BEGIN
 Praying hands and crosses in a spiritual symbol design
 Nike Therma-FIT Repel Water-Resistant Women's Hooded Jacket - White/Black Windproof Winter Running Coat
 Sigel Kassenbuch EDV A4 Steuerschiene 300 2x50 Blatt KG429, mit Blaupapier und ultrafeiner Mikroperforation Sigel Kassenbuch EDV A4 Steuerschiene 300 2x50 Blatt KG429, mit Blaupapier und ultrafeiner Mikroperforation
END
BEGIN
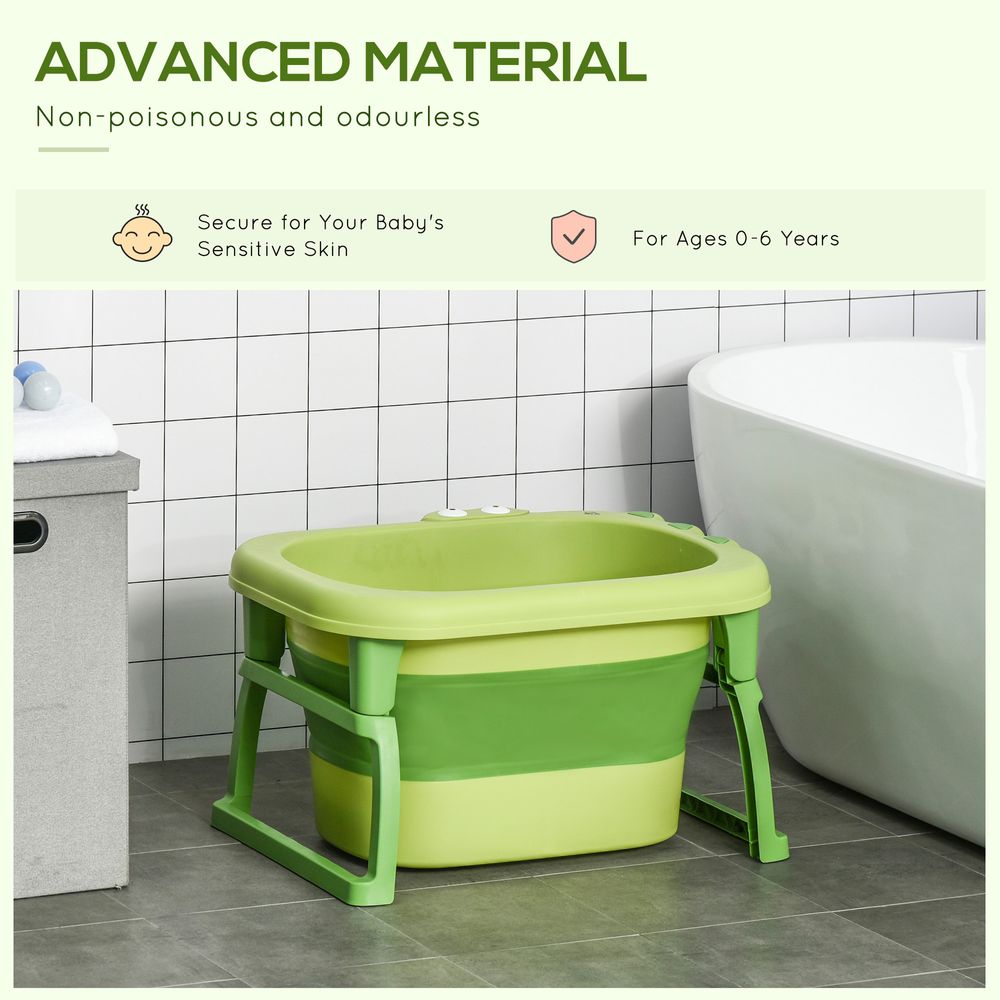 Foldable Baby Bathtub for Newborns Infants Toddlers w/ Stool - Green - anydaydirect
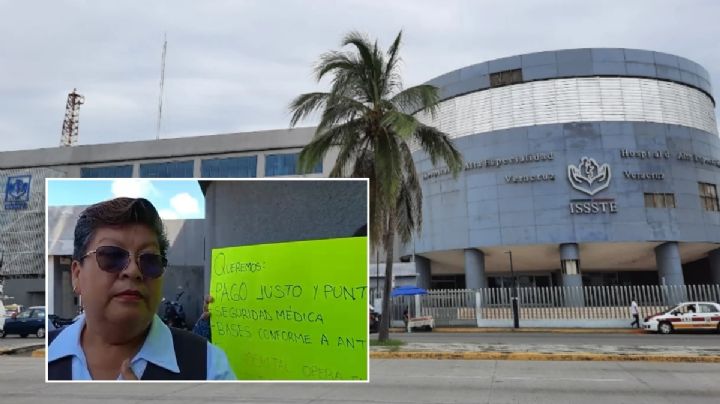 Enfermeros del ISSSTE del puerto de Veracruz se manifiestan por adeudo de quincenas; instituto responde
END
BEGIN
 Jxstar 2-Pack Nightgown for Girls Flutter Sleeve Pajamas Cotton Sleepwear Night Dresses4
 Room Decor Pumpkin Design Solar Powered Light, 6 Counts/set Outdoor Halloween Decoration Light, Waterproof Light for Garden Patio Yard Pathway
END
[Task statement]: When the line with "Praying hands and" is reached in the data above, begin copying, and stop after the line with "ultrafeiner Mikroperforation Sigel"; copy each line exactly, both ends included.

[Answer for the task]:
 Praying hands and crosses in a spiritual symbol design
 Nike Therma-FIT Repel Water-Resistant Women's Hooded Jacket - White/Black Windproof Winter Running Coat
 Sigel Kassenbuch EDV A4 Steuerschiene 300 2x50 Blatt KG429, mit Blaupapier und ultrafeiner Mikroperforation Sigel Kassenbuch EDV A4 Steuerschiene 300 2x50 Blatt KG429, mit Blaupapier und ultrafeiner Mikroperforation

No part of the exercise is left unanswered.